In X-ray or neutron small-angle scattering (SAS), Porod's law, discovered by Günther Porod, describes the asymptote of the scattering intensity I(q) for large scattering wavenumbers q.

== Context ==

Porod's law is concerned with wave numbers q that are small compared to the scale of usual Bragg diffraction; typically $q\lesssim1\text{ nm}^{-1}$. In this range, the sample must not be described at an atomistic level; one rather uses a continuum description in terms of an electron density or a neutron scattering length density. In a system composed of distinct mesoscopic particles, all small-angle scattering can be understood as arising from surfaces or interfaces. Normally, SAS is measured in order to detect correlations between different interfaces, and in particular, between remote surface segments of one and the same particle. This allows conclusions about the size and shape of the particles, and their correlations.

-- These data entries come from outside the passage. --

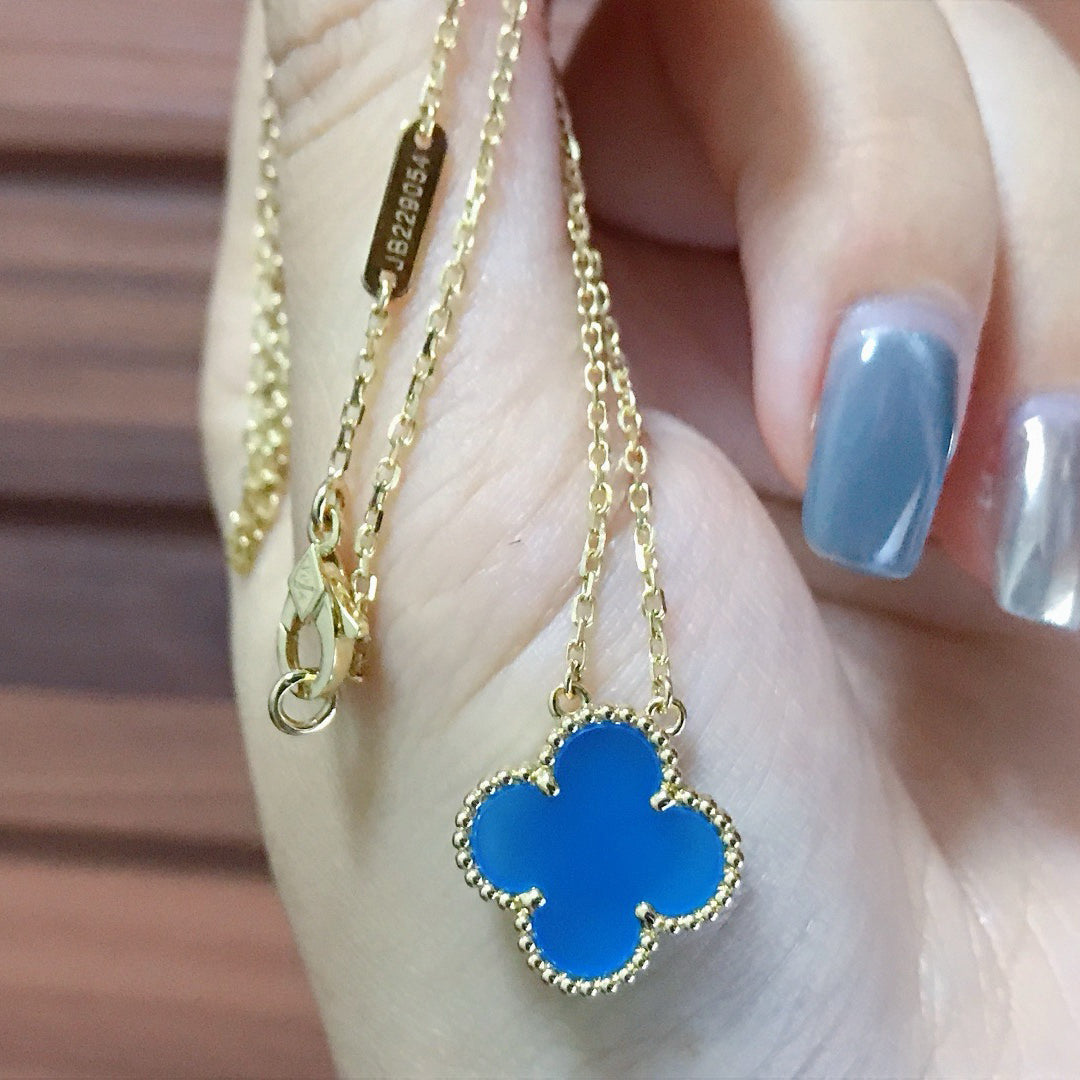 [Max Jewelry ]CLOVER 15MM BLUE AGATE NECKLACE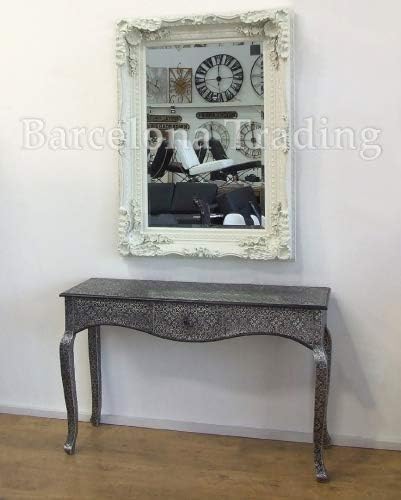 Barcelona Trading Carved Louis Cream Ornate French Frame Wall/Over Mantle Mirror - 35in x 47in, Beige - Image 3
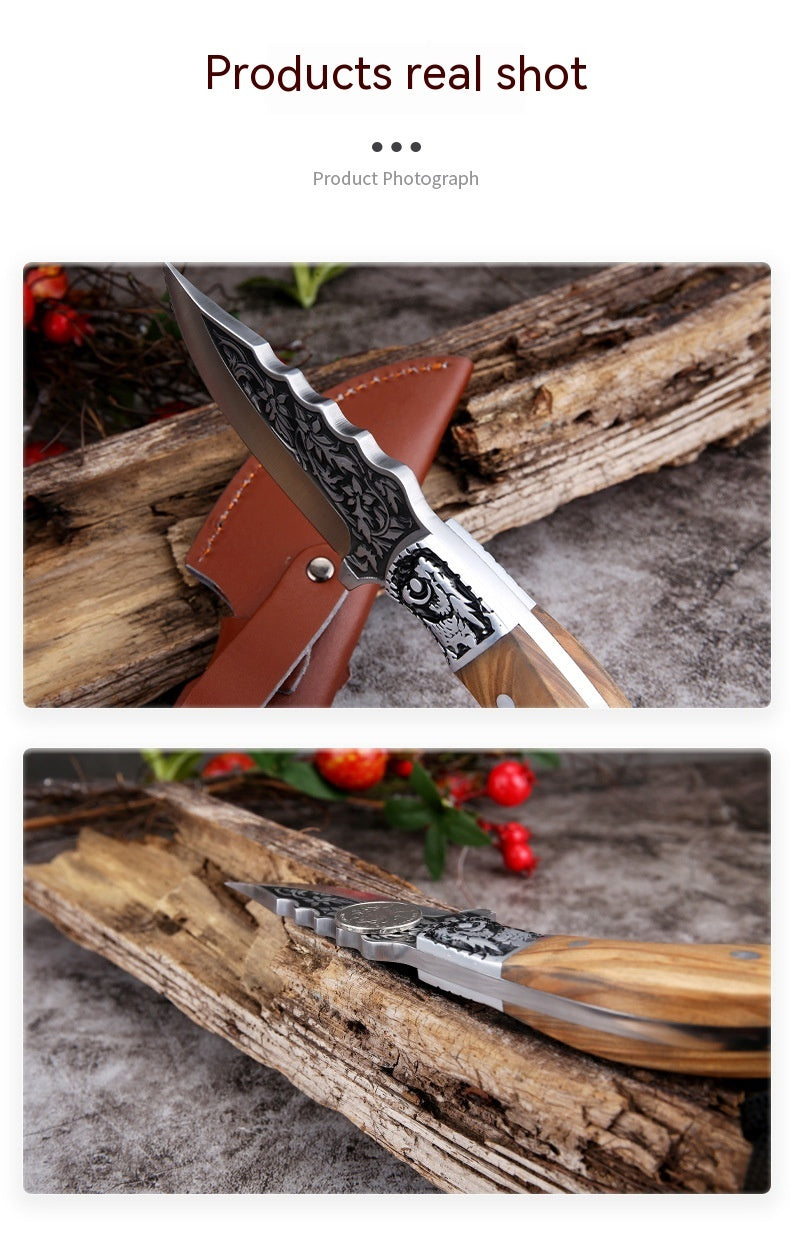 Embossed Carved Mongolian Knife For Handcraft Handle Meat Knife Tibetan Knife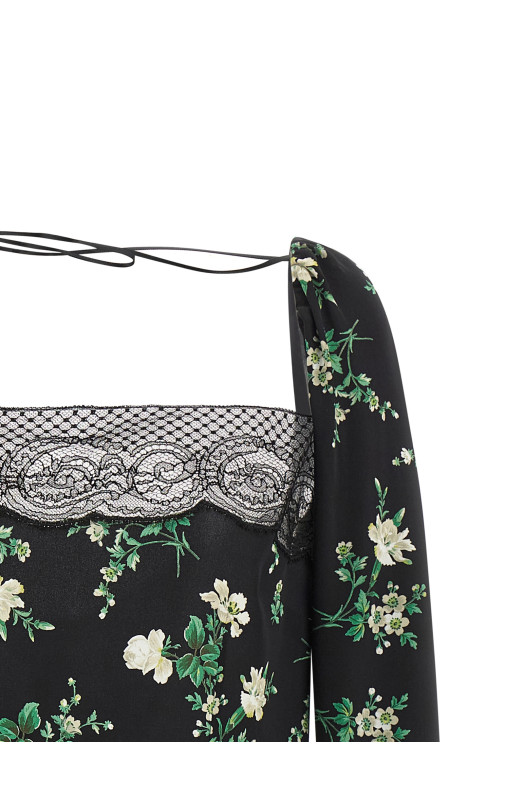 Топ із квітковим принтом, чорний DOLCE & GABBANA F7BQ1TFSA9GHX6BZ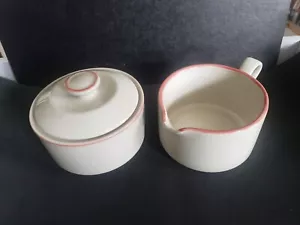 Vintage Japan Stoneware Sugar & Creamer SetOff White with Light Caramel Rim - Picture 1 of 7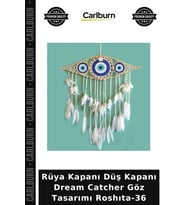 Özel Üretim Dekoratif Bohem Duvar Süsü Rüya Kapanı Düş Kapanı Dream Catcher Göz Tasarımı Roshıta-36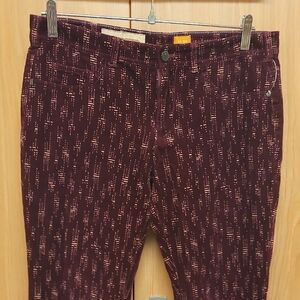 Pilcro and the Letterpress Women's Corduroy Pants in Purple Pattern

Porod's q is relatively large on the usual scale of SAS. In this regime, correlations between remote surface segments and inter-particle correlations are so random that they average out. Therefore one sees only the local interface roughness.

== Standard form ==

If the interface is flat, then Porod's law predicts the scattering intensity
 $I(q) \sim Sq^{-4}$
where S is the surface area of the particles, which can in this way be experimentally determined. The power law q^{−4} corresponds to the factor 1/sin^{4}θ in Fresnel equations of reflection. (Note: This has been pointed out by Sinha et al.)

== Generalized form ==
Since the advent of fractal mathematics it has become clear that Porod's law requires adaptation for rough interfaces because the value of the surface S may be a function of q (the yardstick by which it is measured). In the case of a fractally rough surface area with a dimensionality d between 2-3 Porod's law becomes:

 $\lim_{q \rightarrow \infty} I(q) \propto S' q^{-(6-d)}$

Thus if plotted logarithmically the slope of ln(I) versus ln(q) would vary between -4 and -3 for such a surface fractal. Slopes less negative than -3 are also possible in fractal theory and they are described using a volume fractal model in which the whole system can be described to be self-similar mathematically although not usually in reality in the nature.

== Derivation ==

=== as Form factor asymptote ===

For a specific model system, e.g. a dispersion of uncorrelated spherical particles, one can derive Porod's law by computing the scattering function S(q) exactly, averaging over slightly different particle radii, and taking the limit $q \to \infty$.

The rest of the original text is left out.